▶ **DATA RECORDS**
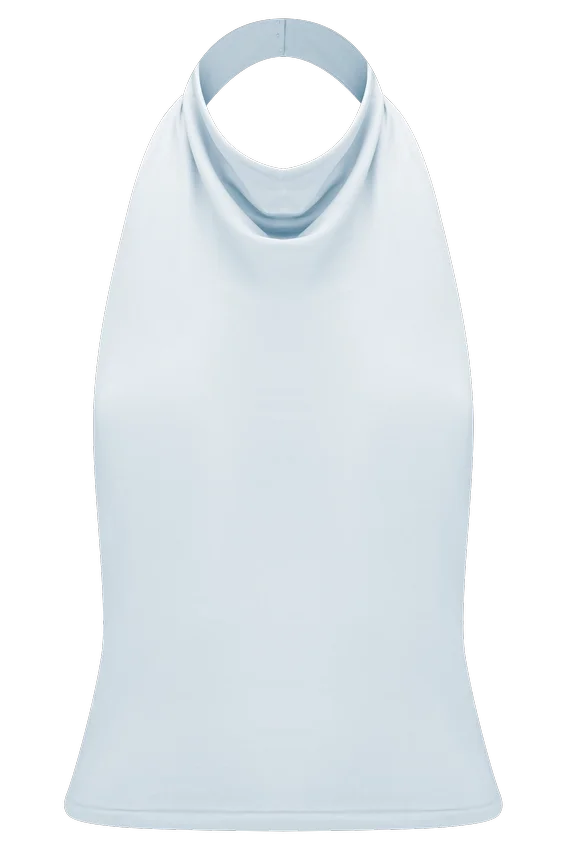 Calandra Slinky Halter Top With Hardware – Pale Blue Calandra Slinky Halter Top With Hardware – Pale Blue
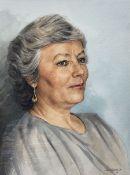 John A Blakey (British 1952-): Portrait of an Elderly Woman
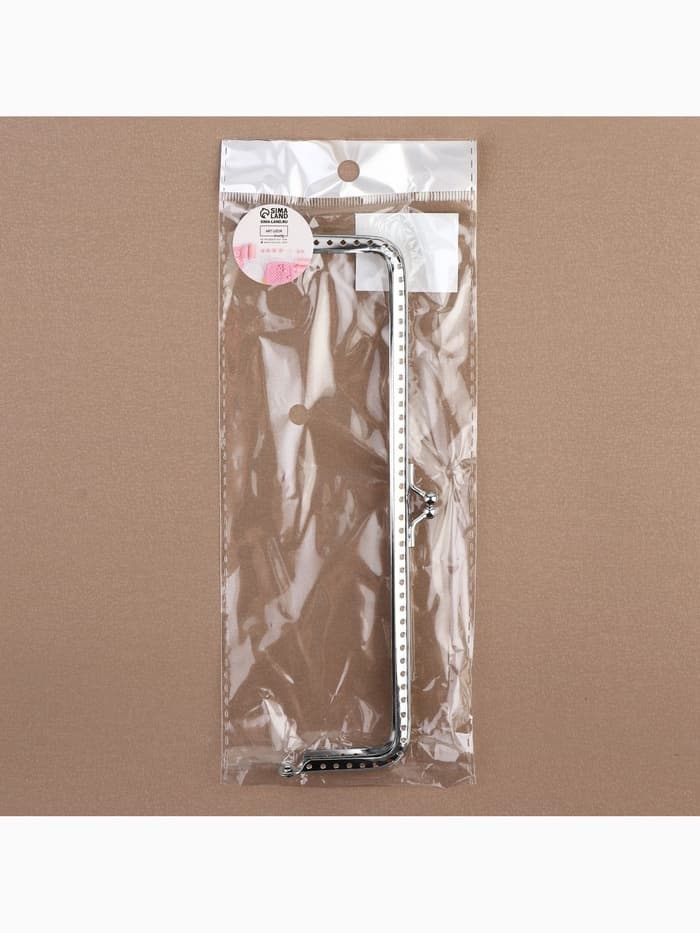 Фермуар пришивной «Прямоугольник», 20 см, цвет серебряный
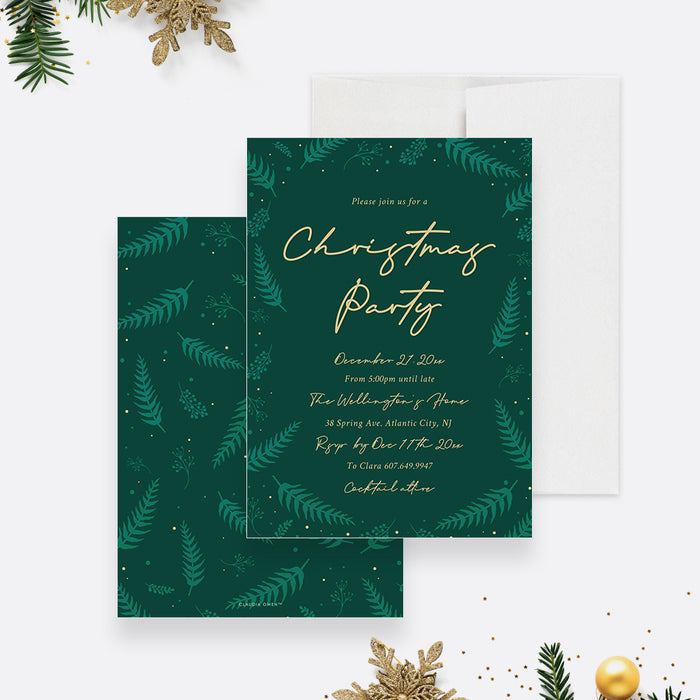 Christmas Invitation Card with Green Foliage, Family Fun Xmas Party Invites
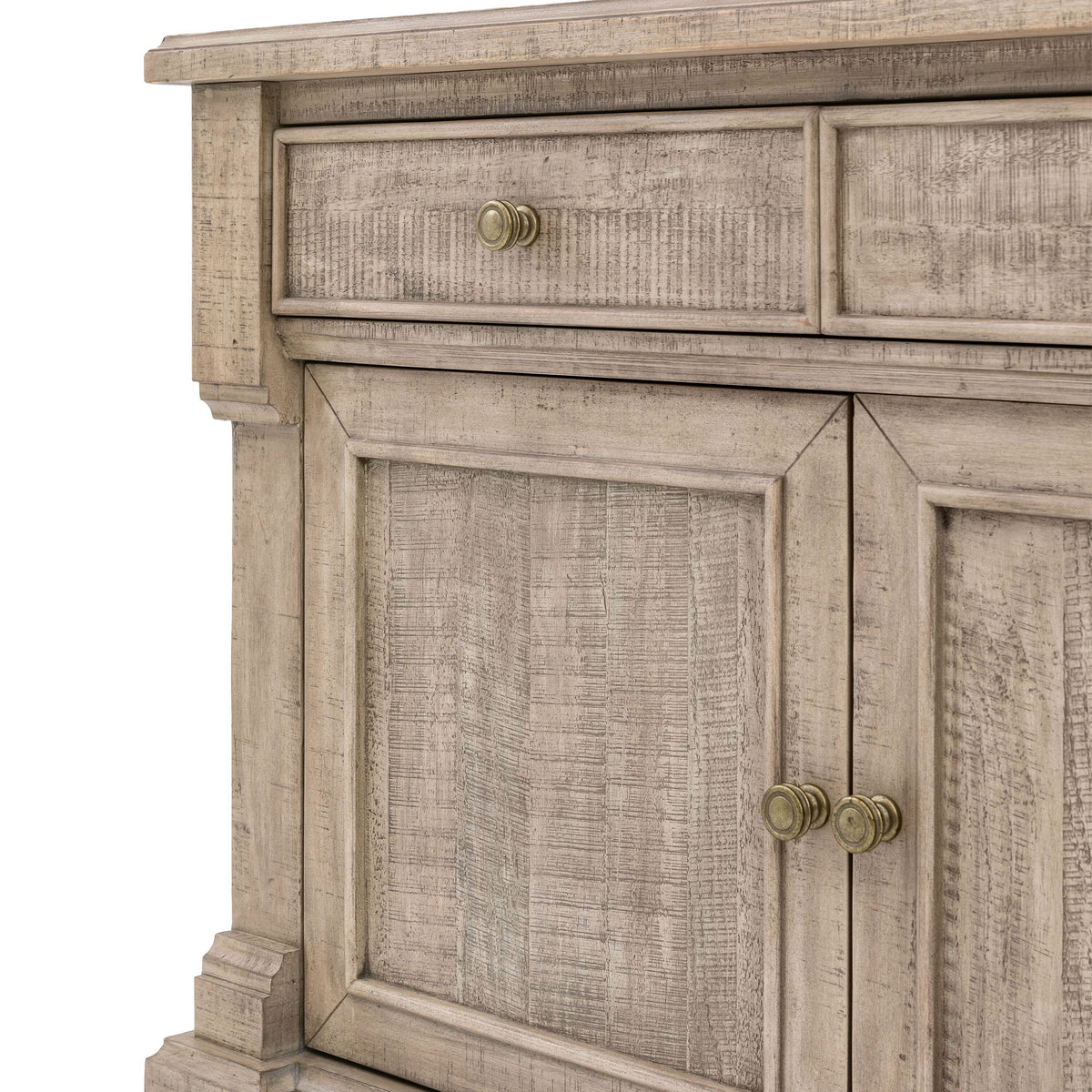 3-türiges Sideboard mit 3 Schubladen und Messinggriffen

▶ **WHAT IS BEING ASKED**
Reproduce nothing but the lines from the line containing "см, цвет серебряный" through the last line of the data above, exactly as written and without pictures.

▶ **OUTPUT OF THE TASK**
 Фермуар пришивной «Прямоугольник», 20 см, цвет серебряный
 Christmas Invitation Card with Green Foliage, Family Fun Xmas Party Invites
 3-türiges Sideboard mit 3 Schubladen und Messinggriffen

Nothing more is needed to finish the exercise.